But I seriously underestimated the time it would take to do one particular project. And I found myself getting exceptionally tired after the busy May, which I chalked up to a complete change in schedule and a mountain of socializing.

Um…nope. That wasn’t the problem.

In April, my doc discovered a relatively minor (for me) health problem and we decided together that a particular supplement would solve it. I have trouble with supplements; I’m allergic to many of the ingredients (the added ingredients). So, with her advice (take this every other day at a lower number), I researched the best supplement for my health needs, one that had pretty much the missing nutrient in my life and nothing else.

And…my body decided, nope, no, not this thing. Not at all.

Turns out that the way this missing nutrient is made for supplements is chemically derived and many of my allergies are chemical based. (I’m not going to say much more, so don’t ask what this is.)

It took two months, but my body finally said, Let’s purge this evil thing from our system. And it did. Repeatedly. Until all trace of it was gone.

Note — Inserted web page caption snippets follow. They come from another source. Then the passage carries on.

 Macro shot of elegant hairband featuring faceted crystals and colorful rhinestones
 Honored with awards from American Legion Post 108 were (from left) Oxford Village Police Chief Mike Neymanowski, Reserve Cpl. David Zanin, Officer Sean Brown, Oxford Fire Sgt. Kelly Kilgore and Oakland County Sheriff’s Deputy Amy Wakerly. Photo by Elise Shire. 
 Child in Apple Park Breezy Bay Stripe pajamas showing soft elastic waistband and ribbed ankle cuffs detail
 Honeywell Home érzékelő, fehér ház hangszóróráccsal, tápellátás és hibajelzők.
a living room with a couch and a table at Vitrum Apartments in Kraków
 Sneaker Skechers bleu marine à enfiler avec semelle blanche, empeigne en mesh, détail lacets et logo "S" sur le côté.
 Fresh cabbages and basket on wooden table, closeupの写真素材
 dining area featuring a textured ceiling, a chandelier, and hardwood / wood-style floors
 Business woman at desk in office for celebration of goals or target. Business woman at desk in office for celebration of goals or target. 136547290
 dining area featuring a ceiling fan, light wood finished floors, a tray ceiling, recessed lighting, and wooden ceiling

The thing was, as this happened, I realized that I had been slightly queasy and somewhat headachy off and on for the entire two months. I was so used to being sick from before (see Writing With Chronic Illness) that I was used to functioning at reduced capacity. What I was going through for those two months was nothing compared to what I went through from about 2010 to 2018.

In other words, most people would have caught this before their body reacted in such a dramatic fashion.

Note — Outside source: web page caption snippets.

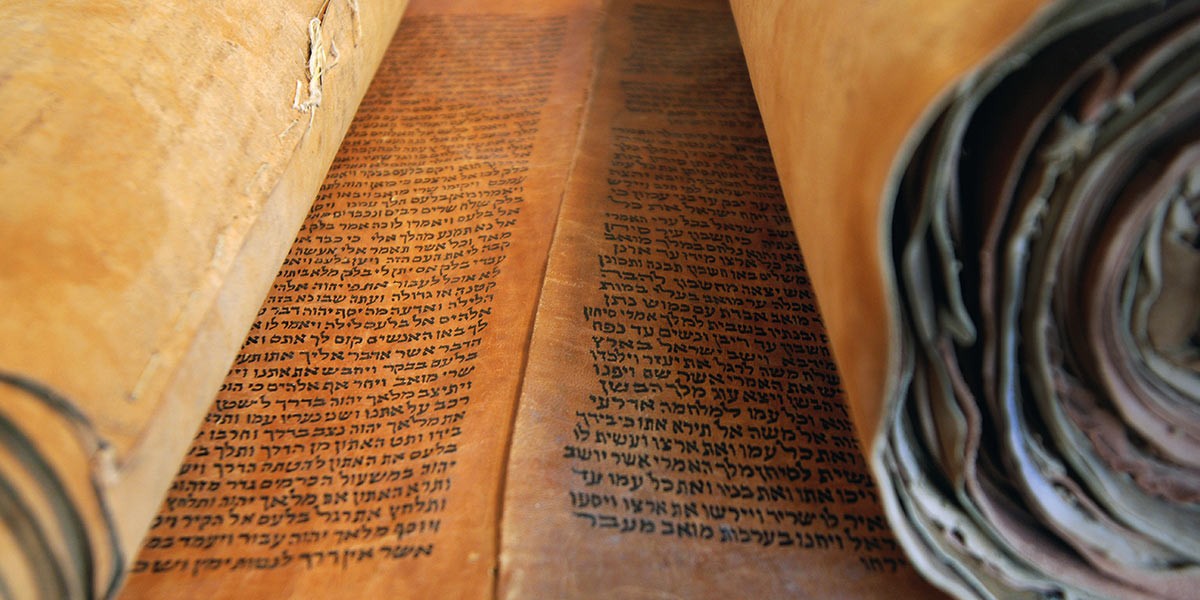 Close-up of an ancient rolled parchment scroll with Hebrew script text.
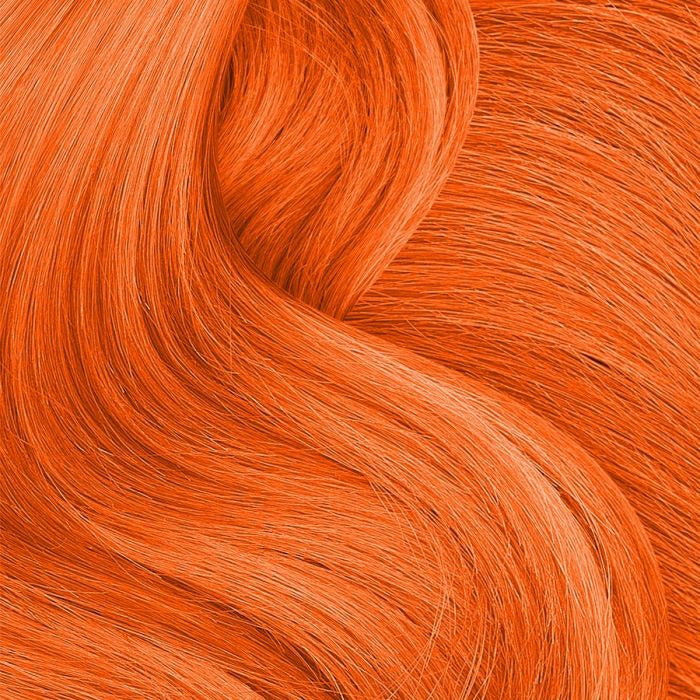 Vibrant orange hair styled with Punky Colour temporary hair color spray for a bold look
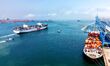 A cargo ship loaded with foreign trade containers departs from Qingdao Port in Qingdao Cit...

There was no working in the first week after this, and then, I had to recover. It took another 10 days or so to feel close to normal. (Note the photo: Gavin and Angel were really confused by my behavior for the entire week I was down.)

I’m back now—have been for two weeks, but I found myself doing triage. I had some do not miss deadlines that I was about to miss. So I used all that returning energy to hit those.

Now I’m at the do not miss deadline phase for deadlines that had maybe skosh of wiggle room. And, as I write this, it’s July first. June was tied up with illness and with panicked work on finishing nearly done deadlines.

It doesn’t feel like I lost June, per se, but it does feel like a weird form of time travel. It was the end of May and now, with nary a blink, it’s the beginning of July.

And I have to recalibrate my entire summer. Or what is going to be my summer. Because four weeks vanished. I had a 13-week plan. Now I’m down to nine.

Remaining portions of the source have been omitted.